Abstract:Vestibular Schwannoma (VS) typically grows from the inner ear to the brain. It can be separated into two regions, intrameatal and extrameatal respectively corresponding to being inside or outside the inner ear canal. The growth of the extrameatal regions is a key factor that determines the disease management followed by the clinicians. In this work, a VS segmentation approach with subdivision into intra-/extra-meatal parts is presented. We annotated a dataset consisting of 227 T2 MRI instances, acquired longitudinally on 137 patients, excluding post-operative instances. We propose a staged approach, with the first stage performing the whole tumour segmentation and the second stage performing the intra-/extra-meatal segmentation using the T2 MRI along with the mask obtained from the first stage. To improve on the accuracy of the predicted meatal boundary, we introduce a task-specific loss which we call Boundary Distance Loss.
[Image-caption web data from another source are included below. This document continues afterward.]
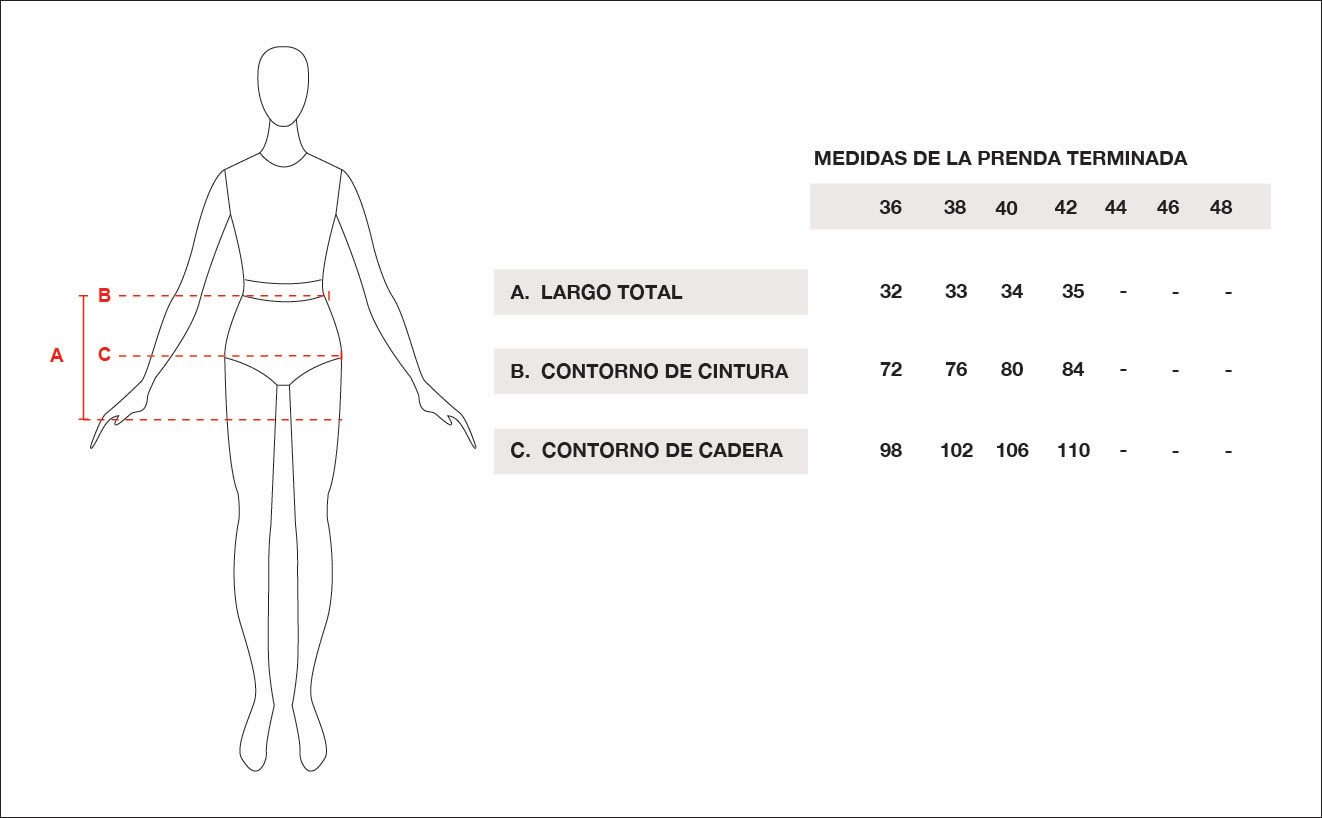 Tabla de talles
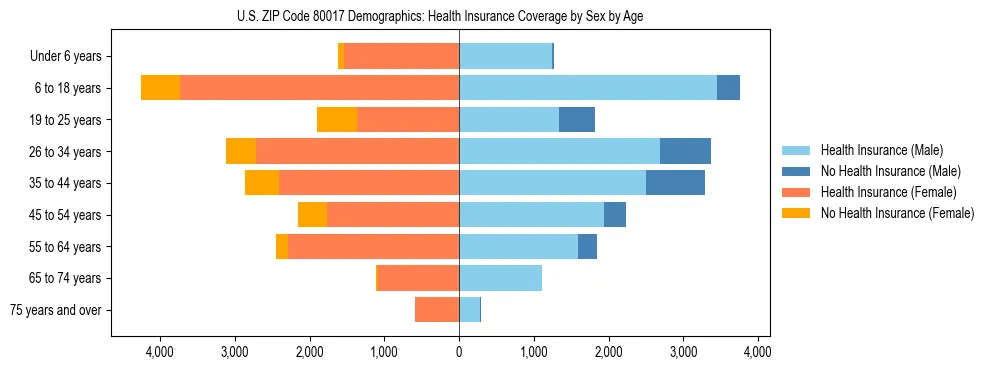 Pyramid chart showing health insurance coverage by age and sex in US ZIP Code 80017.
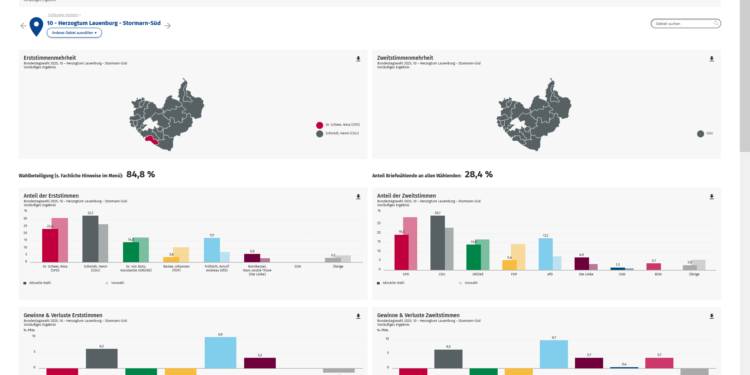 Endgültige Wahlergebnisse für den Bundestagswahlkreis 10 festgestellt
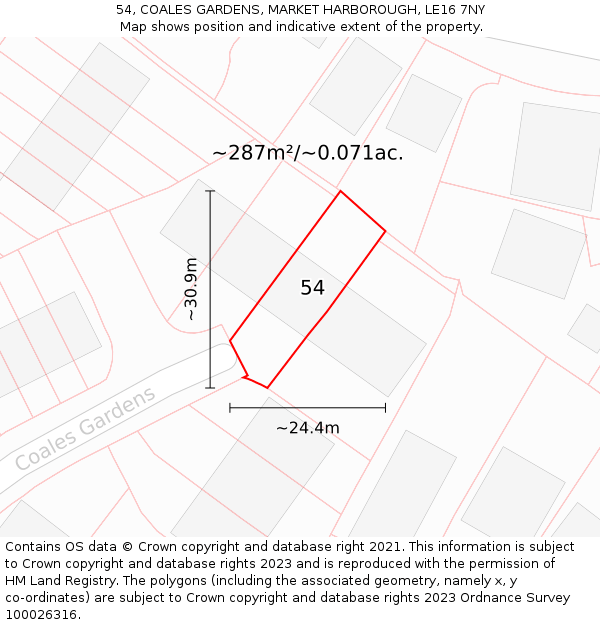 54, COALES GARDENS, MARKET HARBOROUGH, LE16 7NY: Plot and title map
The performance is evaluated in contrast to the direct intrameatal extrameatal segmentation task performance, i.e. the Baseline. Our proposed method, with the two-stage approach and the Boundary Distance Loss, achieved a Dice score of 0.8279+-0.2050 and 0.7744+-0.1352 for extrameatal and intrameatal regions respectively, significantly improving over the Baseline, which gave Dice score of 0.7939+-0.2325 and 0.7475+-0.1346 for the extrameatal and intrameatal regions respectively.